Perhaps the miracle was this, that the Maccabees found one cruse of oil with its seal intact, undefiled. There was no reason to suppose that anything would have survived the systematic desecration the Greeks and their supporters did to the Temple. Yet the Maccabees searched and found that one jar. Why did they search? Because they had faith that from the worst tragedy something would survive. The miracle of the first night was that of faith itself, the faith that something would remain with which to begin again.

(from http://www.rabbisacks.org/wp-content/uploads/2013/11/8-Short-Thoughts-for-8-Chanukah-Nights.pdf )

And so it is with the spirit of resistance, the spirit of  that is one of the things I mean when I speak of G-d in prayers.

What did I hear again and again following brexit and then again after Trump was elected? “Lets get to work” I’m sure you all did too. An *upsurge* in people looking to respond to darkness with action. People did not give up, despite all the racism and nationalism… no, *because* of the racism and nationalism. I have witnessed more and more people, previously unwilling to take action, now wanting to stand up and be counted, to pin their colours to a progressive mast and to counteract this apparent rightwing lurch.

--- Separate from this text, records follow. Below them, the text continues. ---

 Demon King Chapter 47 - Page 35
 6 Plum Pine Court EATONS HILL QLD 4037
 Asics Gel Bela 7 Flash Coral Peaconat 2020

Just a quick example because I have it to hand – neveragain.tech.

“We have hope. Rebellions are built on hope!”

There was no reason to believe that any hope would have survived the systematic desecration Trump, BoJo, Farage and their supporters did to ordinary people. And yet I did not have to search at all to hear hope and inspiration pouring from all sides.

In many ways progressive movements are almost in a stronger position now than at the start of the year. In no way am I happy that Trump/Brexit happened – I grieve for the lives already affected by the emboldenment of racists, by those fearing their lives will be uprooted due to national borders, to the set back climate change action is already seeing. But all this is in a context of an existing white supremacist society. #BlackLivesMatter arose in response to racist attacks during the Obama years. The Paris climate accords that Trump is about to rip up were never enough anyway. Inequality, injustice, poverty, oppression, inhumane treatment of refugees – these are rampant and have been for years. Our political and economic systems continue to prove how unsuited they are to providing for safe, meaningful and sustainable lives and communities; given that they were never designed to do this, perhaps not so surprising.

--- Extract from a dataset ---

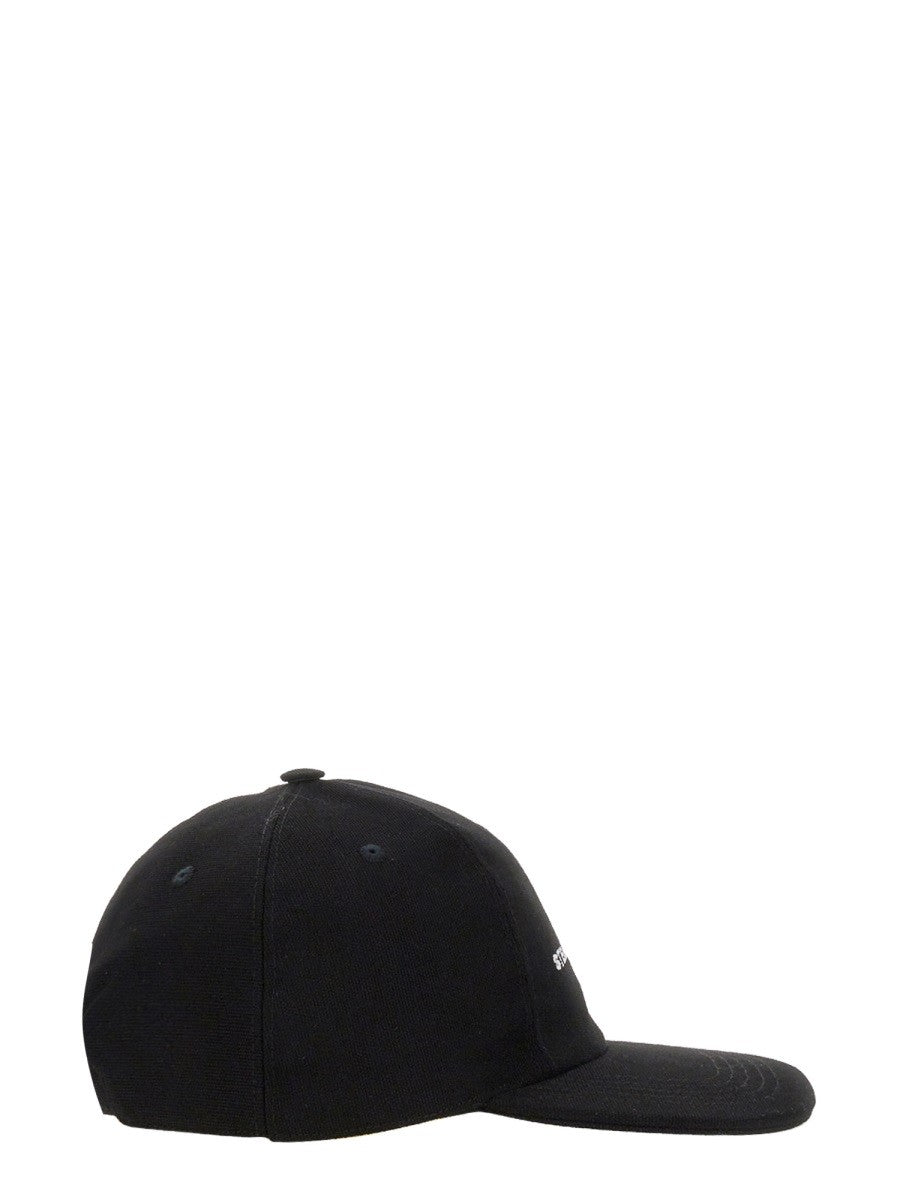 stella mccartney - Woman - Black - Hat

But now, now with the dual shocks of brexit and trump demonstrating that business as usual is not just shit, but full on accelerating full-pelt to hell catastrophic, I see, unexpectedly, candle flames of hope, resistance and solidarity lighting up one after another wherever I look.

***

Hanukkah is also this slow build up. Its not a one day thing – you have to keep lighting night after night for 8 days. And so it is with creating a better world – you start by lighting the one candle, finding that one flame of hope, but you need to keep going; day after day, month after month, year after year, generation after generation we need to keep lighting new candles from the ones already burning.

And just as the Hanukkah story is that a meagre amount of oil lasted far longer than was expected, so too must we sustain and nourish the hope we see around us to last us through the upcoming dark days through to the light ahead.

***

Here is my Hanukkah blessing. I say the usual orthodox blessing in Hebrew, but here is the intention and meaning I imbue it with:

Blessed are you, spirit of resistance, who sanctifies my life by showing me how to make it meaningful, and inspires me to kindle the Chanukah light.

Blessed are you, spirit of resistance, who wrought miracles for those who struggled for a better world, in those days and at this time.

Blessed are you, spirit of resistance, who has kept me and the wider working class alive, sustained our hearts, bodies and minds, and brought us to this season.

And then I take a minute to remember how impossible the odds must have felt for those who struggled before me, and how victory would have seemed to require a miracle at the start, for those fighting colonialisation, slavery, dictatorship, and yet now so much of that is in the past*. One day let future generations say the same about these dark times.